● **Instructions for the task**
From the material below, return exactly the lines starting at the one that holds "The question is: Bramble" and ending at the one that holds "That's it for". Pictures stay out of the answer.

● **Material provided**
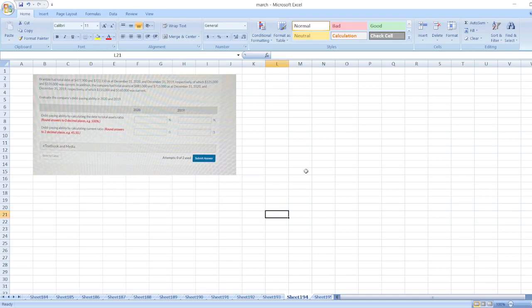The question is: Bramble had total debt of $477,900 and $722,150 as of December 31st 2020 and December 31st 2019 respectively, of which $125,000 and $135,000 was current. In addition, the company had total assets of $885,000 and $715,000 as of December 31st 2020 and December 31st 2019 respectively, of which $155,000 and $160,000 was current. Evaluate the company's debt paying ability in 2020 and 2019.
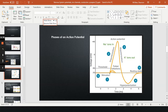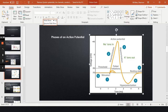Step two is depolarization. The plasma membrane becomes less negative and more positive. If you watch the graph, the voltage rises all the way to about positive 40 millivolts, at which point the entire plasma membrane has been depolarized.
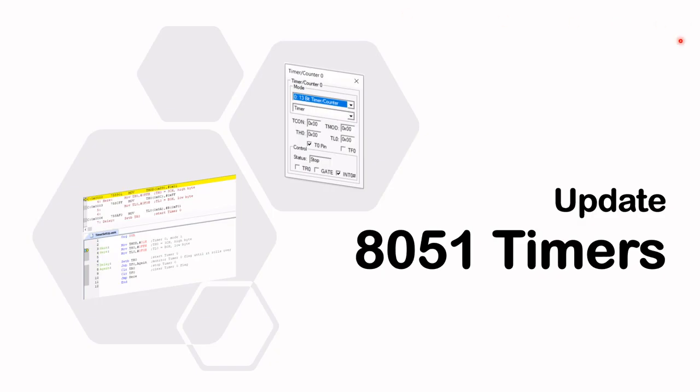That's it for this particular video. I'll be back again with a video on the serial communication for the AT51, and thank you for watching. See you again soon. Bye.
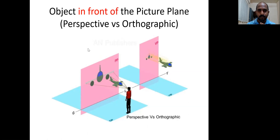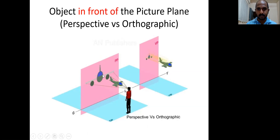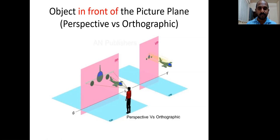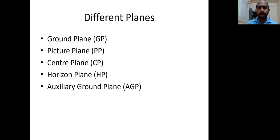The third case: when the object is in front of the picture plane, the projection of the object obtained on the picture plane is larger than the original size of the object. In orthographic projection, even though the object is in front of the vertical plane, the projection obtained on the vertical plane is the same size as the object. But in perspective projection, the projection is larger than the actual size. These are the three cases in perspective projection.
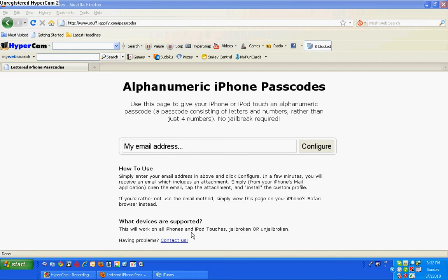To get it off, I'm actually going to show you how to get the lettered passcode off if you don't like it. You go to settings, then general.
---
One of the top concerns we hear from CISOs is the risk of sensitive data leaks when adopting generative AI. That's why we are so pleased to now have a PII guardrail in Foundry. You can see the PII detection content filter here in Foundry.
* * *
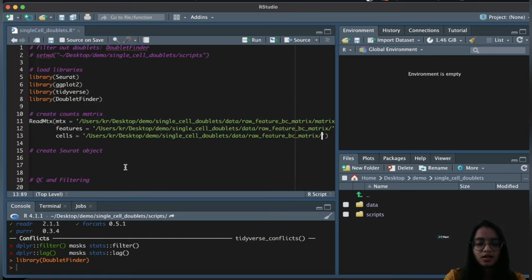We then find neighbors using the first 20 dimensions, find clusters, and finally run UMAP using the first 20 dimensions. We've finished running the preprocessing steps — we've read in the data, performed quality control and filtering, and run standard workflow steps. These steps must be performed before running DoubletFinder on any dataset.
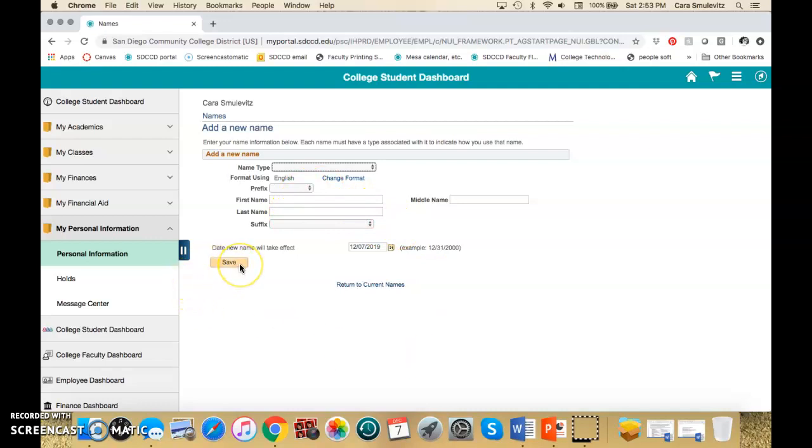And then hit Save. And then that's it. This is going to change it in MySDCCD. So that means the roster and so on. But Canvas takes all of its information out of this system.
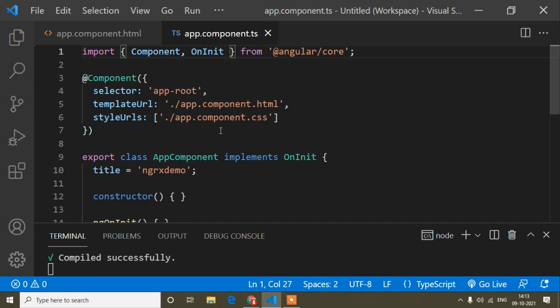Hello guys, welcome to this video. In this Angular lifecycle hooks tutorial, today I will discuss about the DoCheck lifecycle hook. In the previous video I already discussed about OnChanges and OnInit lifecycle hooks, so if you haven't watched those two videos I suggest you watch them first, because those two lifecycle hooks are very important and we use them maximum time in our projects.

● **Written response**
The question is: Bramble had total debt of $477,900 and $722,150 as of December 31st 2020 and December 31st 2019 respectively, of which $125,000 and $135,000 was current. In addition, the company had total assets of $885,000 and $715,000 as of December 31st 2020 and December 31st 2019 respectively, of which $155,000 and $160,000 was current. Evaluate the company's debt paying ability in 2020 and 2019.
Step two is depolarization. The plasma membrane becomes less negative and more positive. If you watch the graph, the voltage rises all the way to about positive 40 millivolts, at which point the entire plasma membrane has been depolarized.
That's it for this particular video. I'll be back again with a video on the serial communication for the AT51, and thank you for watching. See you again soon. Bye.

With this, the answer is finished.